Johnson rides high when it counts
DAYTONA BEACH, Fla. -- Amazing, how a five-time champion in his 400th Cup start could fly so far under the radar, coming into the Daytona 500 and for most of the race.
And then at last, with 16 laps to go Sunday, Jimmie Johnson emerged. With 10 to go, he seized control and wouldn't let go, even after the race's final caution bunched up the field for a final six-lap sprint, and even after Dale Earnhardt Jr. mounted one of his classic last-lap onslaughts.
Once the green flag flew for the last time, "I had a lot of confidence those final few laps, leading the train," Johnson said. "I knew just how fast this car was."
Patrick was the main one who'd left Johnson under the radar all week. Arriving at Daytona on Valentine's Day amidst much ado about her new boyfriend, Ricky Stenhouse Jr., Patrick accelerated her stardom by winning the pole last Sunday.
Then in the 500, she kept the limelight for a good long while, as she ran in the top 10 all afternoon, the top five for much of it, led three times for five laps under green and threatened to win right into the final lap, when she got caught in a last-lap scramble. She wound up eighth.
"I guess I was quiet," Johnson said of the week, "in the overall spectrum of things on the media side. But inside the garage, I think people knew we were sitting on a lot of speed and had a very good race car."
Since his only other Daytona 500 win, in 2006, Johnson's own record in this race may have squelched the attention on him. From 2007 until Sunday, his finishes in the 500 were 39th, 27th, 31st, 35th, 27th and a 42nd, the latter his place last year after getting crashed out on the second lap.
Much more attention this time went to Kevin Harvick, who won the Sprint Unlimited and one of the Duel 150-mile races, Kyle Busch, who won the other Duel, and Johnson teammate and mentor Jeff Gordon, who started on the front row alongside Patrick.
Sunday, Harvick was caught in an early wreck, Busch fell out with a blown engine and Gordon struggled most of the afternoon with overheating problems.
For the final six-lap sprint under green, the drama meter soared on a race that had been forecast as dull because NASCAR's new "Gen-6" car hadn't shown itself to be conducive to passing in preliminary events during the week.
Johnson and Brad Keselowski, who'd made a gutsy comeback in a patched-up car damaged in an earlier wreck, restarted side by side. But at the green, Johnson pulled away easily.
Patrick, following Johnson and Biffle on the high side, ran up to third and stayed there until the final lap. Then Earnhardt, pushed by Mark Martin, blasted through in the low lane.
"Once we came to Turn 4," Earnhardt said, "we kind of ran out of steam -- didn't have enough to get a run on Jimmie."
The biggest question about Patrick, as she continued to hang with the leaders throughout the race, was how she would manage when it came to her area of least experience, scrambling with the draft-savvy veterans in the inevitable dogfight at the end.

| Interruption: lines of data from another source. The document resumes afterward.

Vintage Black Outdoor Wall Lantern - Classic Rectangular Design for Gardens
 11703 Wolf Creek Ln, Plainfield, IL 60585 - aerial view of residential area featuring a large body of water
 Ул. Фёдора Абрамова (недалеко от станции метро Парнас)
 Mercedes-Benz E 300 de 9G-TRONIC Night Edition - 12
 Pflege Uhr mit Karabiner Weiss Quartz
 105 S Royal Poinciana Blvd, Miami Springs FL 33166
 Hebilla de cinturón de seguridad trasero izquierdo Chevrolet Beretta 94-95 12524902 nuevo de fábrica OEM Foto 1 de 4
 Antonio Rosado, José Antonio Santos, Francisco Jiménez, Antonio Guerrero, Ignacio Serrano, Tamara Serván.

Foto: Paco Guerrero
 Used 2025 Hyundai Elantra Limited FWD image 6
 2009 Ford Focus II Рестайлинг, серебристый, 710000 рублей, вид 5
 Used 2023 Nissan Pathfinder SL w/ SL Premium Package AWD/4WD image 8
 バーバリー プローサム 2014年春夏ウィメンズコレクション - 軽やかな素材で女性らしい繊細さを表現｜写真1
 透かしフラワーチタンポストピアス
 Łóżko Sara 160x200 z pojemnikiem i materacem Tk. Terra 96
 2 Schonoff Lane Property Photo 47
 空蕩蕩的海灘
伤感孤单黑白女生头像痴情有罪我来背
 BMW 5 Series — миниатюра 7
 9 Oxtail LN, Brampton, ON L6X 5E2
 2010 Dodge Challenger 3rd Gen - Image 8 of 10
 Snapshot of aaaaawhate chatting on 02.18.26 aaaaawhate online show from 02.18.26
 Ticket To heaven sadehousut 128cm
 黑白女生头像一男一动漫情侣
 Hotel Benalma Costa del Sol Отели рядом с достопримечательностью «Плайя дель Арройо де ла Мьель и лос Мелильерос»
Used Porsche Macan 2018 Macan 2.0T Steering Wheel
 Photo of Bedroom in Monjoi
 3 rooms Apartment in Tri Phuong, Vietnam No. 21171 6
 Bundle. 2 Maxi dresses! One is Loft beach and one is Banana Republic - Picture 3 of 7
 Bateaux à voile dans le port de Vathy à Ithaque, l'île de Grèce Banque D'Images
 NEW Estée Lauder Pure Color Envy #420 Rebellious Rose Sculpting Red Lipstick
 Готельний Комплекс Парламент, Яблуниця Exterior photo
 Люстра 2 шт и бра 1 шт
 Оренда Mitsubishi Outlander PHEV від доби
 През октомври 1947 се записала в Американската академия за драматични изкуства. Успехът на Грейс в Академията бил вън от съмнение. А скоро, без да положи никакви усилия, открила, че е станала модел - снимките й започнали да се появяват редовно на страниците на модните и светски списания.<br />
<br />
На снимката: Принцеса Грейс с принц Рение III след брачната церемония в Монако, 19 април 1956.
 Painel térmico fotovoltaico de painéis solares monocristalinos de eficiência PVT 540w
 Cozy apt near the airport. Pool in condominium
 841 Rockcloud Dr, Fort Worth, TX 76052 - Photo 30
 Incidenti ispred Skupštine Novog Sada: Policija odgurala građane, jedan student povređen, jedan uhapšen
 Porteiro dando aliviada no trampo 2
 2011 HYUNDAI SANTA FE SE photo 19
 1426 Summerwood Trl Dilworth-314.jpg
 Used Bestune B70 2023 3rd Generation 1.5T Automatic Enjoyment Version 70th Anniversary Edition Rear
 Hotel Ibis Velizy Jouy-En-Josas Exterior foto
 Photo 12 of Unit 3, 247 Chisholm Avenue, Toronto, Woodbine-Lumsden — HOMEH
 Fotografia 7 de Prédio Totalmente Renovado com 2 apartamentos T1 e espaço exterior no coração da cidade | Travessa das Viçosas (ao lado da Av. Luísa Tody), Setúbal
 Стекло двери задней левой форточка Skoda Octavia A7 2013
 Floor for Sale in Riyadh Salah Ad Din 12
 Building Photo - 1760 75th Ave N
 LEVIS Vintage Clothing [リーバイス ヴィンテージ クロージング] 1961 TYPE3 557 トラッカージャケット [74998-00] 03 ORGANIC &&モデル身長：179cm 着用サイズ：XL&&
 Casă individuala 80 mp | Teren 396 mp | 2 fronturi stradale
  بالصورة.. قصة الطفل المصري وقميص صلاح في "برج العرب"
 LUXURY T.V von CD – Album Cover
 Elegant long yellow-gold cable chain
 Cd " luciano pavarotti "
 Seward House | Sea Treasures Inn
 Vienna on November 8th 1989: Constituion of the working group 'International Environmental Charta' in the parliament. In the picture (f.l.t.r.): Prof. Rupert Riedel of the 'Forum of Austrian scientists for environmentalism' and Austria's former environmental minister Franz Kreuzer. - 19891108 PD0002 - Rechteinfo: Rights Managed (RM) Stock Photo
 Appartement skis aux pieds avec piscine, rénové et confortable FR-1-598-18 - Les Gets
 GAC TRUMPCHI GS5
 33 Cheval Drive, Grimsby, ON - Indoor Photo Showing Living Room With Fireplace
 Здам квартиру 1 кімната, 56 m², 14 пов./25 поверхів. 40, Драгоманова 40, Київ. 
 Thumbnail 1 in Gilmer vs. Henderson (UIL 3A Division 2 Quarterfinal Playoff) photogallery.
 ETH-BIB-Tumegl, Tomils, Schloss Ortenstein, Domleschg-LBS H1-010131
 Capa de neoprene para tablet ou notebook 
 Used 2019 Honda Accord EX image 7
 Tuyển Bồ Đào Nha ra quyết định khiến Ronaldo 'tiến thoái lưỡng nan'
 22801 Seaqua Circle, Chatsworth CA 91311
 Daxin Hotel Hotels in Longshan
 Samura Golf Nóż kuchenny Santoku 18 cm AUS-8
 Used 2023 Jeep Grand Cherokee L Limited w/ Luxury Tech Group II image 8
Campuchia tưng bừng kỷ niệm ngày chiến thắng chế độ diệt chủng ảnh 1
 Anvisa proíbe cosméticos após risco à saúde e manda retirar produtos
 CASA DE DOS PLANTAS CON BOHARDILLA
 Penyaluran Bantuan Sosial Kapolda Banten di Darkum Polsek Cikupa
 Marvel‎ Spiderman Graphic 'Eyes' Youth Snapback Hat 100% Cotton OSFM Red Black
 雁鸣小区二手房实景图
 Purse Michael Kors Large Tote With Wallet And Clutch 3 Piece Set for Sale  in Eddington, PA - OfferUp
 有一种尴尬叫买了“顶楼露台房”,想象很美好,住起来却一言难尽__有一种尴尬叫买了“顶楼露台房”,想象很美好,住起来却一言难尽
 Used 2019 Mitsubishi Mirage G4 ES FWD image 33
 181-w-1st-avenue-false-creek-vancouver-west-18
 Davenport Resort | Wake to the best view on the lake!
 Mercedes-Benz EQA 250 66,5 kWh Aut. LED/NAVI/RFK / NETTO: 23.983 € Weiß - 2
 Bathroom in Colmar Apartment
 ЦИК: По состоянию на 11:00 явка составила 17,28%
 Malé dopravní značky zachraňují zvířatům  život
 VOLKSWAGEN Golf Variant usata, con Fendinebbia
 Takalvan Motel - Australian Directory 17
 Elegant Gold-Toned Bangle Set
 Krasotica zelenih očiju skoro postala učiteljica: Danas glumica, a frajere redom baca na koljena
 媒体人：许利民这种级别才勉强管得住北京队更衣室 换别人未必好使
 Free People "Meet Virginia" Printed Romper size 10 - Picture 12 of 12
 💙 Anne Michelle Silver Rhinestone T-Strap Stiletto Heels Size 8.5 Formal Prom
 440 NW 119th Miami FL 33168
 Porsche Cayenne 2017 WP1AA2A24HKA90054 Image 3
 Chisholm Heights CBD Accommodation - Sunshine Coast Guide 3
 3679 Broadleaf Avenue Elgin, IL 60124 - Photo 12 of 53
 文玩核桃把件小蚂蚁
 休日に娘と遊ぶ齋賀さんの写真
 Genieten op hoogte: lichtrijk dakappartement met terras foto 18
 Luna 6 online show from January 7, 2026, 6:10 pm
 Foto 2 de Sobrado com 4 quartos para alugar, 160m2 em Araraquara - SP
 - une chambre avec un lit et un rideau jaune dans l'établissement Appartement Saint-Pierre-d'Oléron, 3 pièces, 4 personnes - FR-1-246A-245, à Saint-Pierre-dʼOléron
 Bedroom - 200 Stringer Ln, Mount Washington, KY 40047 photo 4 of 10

Ultimately, she admitted, she didn't have a plan for such a thing.
Yes, she was frustrated at falling from third to eighth on the last lap: "I would imagine that pretty much anyone would kick themselves and say what I could have, should have done to give myself an opportunity to win," she said.
"I was thinking in the car, 'How am I going to do this?' I didn't know what to do, exactly. Maybe that's just my inexperience."
Running up front for so long may have hurt her at the finish, she figured.
"I suppose that's the only downside to running in that front group all day, is that I never got any practice passing. I never tried, really, anything."
Racing near her, Johnson saw that "she was really comfortable in the car. She held a great wheel, was smooth, took advantage of runs when she had them."
There were 28 lead changes among 14 drivers Sunday -- OK but not great for a Daytona 500, and Johnson wouldn't blame the Gen-6 car so much as drivers' caution.
"These cars are sensitive to side drafting, and I think that is some of what we saw," Johnson said of times when a car would pull alongside the leader and then stall.
But largely, the riding around Sunday was a function of drivers growing weary of all the massive pileups, the "big ones," in restrictor-plate races.
"When we're running single file, we're just trying to get to the finish," Johnson said. "We've all crashed so many times, and torn up so much stuff. And a lot of that falls on the drivers' shoulders.
"I feel for NASCAR. They're trying to create a competitive car. They want us side by side. The fans want us side by side."
But, he added, "I believe a lot of the competitors just wanted to get that last pit stop on and race for it instead of tearing up their equipment."
And the five-time champion is blatantly back on the radar.